Using the Gabor filters and a simple Euclidean distance similarity function, we were able to perform an image-based similarity search. By clicking on any small image block, the system brought out a display window of top 9 images (in different airphotos and different parts of the same photo) that were similar to the selected image pattern (the first image displayed). The prototype system currently supports image-based similarity search of airphotos.
A second prototype system was later developed to support image-based visual thesaurus browsing. Using the same 60 image features as input vector and the SOM categorization algorithm, we clustered similar image patterns (e.g. residential areas, vegetation, parking lots, farm lands, etc.) in a graphical two-dimensional display. Similar image patterns were grouped together in different regions of the (semantic map) display (e.g. vegetation patterns, highway patterns, housing development patterns.) Clicking on each representative image brought out another window that displayed other image patterns that were classified as similar. By mapping each image's coordinate to the GNIS gazetteer, we were able to suggest place information that matches the geographic location of each image, (e.g. San Andreas Rift for many image blocks.)

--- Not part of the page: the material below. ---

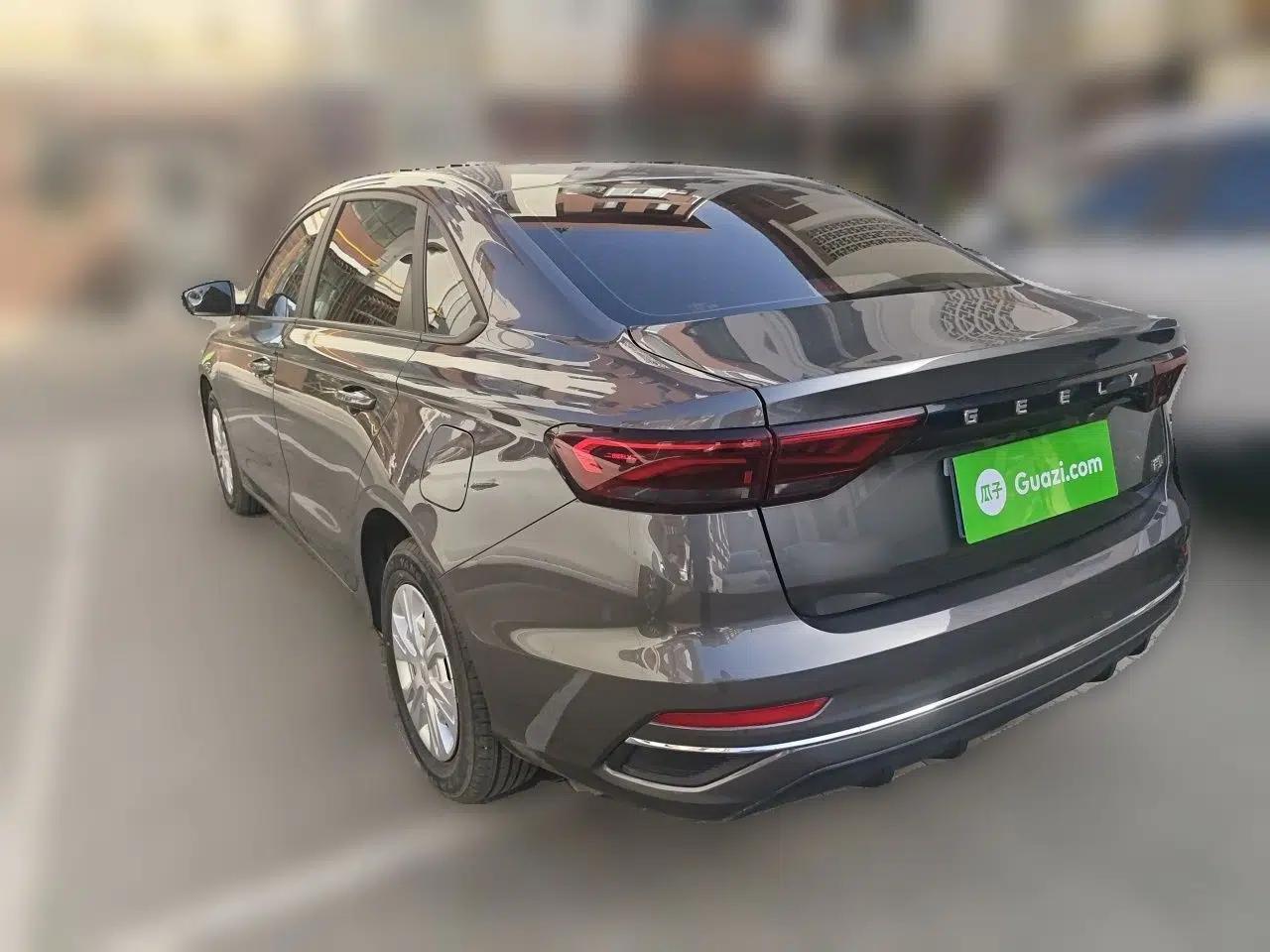 Geely Auto Emgrand 2025 4th Generation 1.5L Manual - Starry Edition — миниатюра 4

Abstracts of Published Papers
We present a general framework to support the modeling of digital documents and user queries in the context of digital libraries (DL's). The basis of the framework is a four-component model of a DL catalog involving a document modeling component, a query modeling component, a match component, and a catalog interoperability component. Meta-information in such a catalog provides models of library documents and facilitates efficient access to information represented in the documents. In particular, meta-information is conceptualized in terms of sets of relations between nominal representations of library documents and their properties, and sets of relations between document properties. The properties of the documents are modeled in meta-information in terms of a multiplicity of languages which vary between the catalog components and between catalogs. Each of the catalog components is modeled in terms of a set of formal systems related to the languages employed in the component. Using this framework, we discuss the two critical issues of catalog intraoperability and catalog interoperability. The framework provides a basis both for the rational design of meta-information and catalogs in DL contexts, and for an analysis and resolution of the intraoperability and interoperability issues. We provide examples of the issues discussed in terms of the Alexandria Digital Library.

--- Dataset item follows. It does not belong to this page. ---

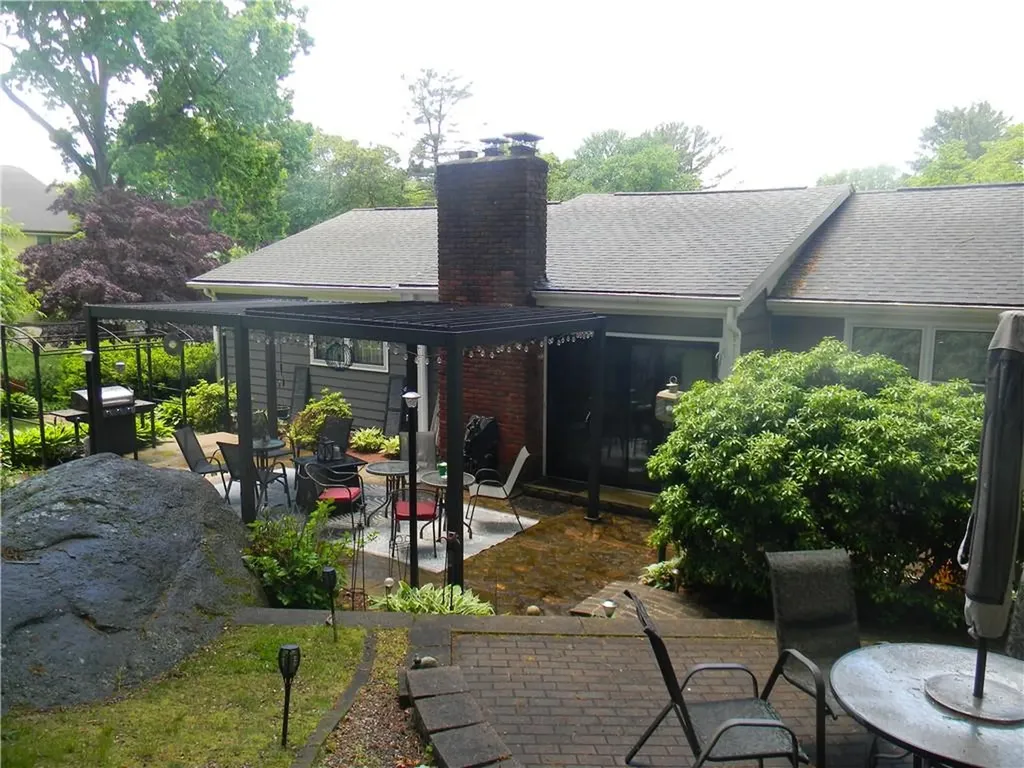 90 Quaker Drive West Warwick RI 02893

The goal of this essay is to suggest a framework for the design of the meta-information environments for DL's that takes advantage of digital technology and compensates for the loss of direct user-librarian interactions. We briefly examine the use of the terms ``metadata'' and ``meta-information''. We then employ a simple scenario of library use in order to characterize the meta-information environment of a TL. We generalize this characterization to the meta-information environment of libraries in general. The environment is modeled in terms of a set of high-level services which are, in turn, supported by sets of lower level services, some of which are provided by an extensible set of ``knowledge representation systems''. Finally, we examine the implications of this general characterization in terms of a design for the meta-information environment of a DL. In particular, we suggest a design that is implementable within a distributed object framework.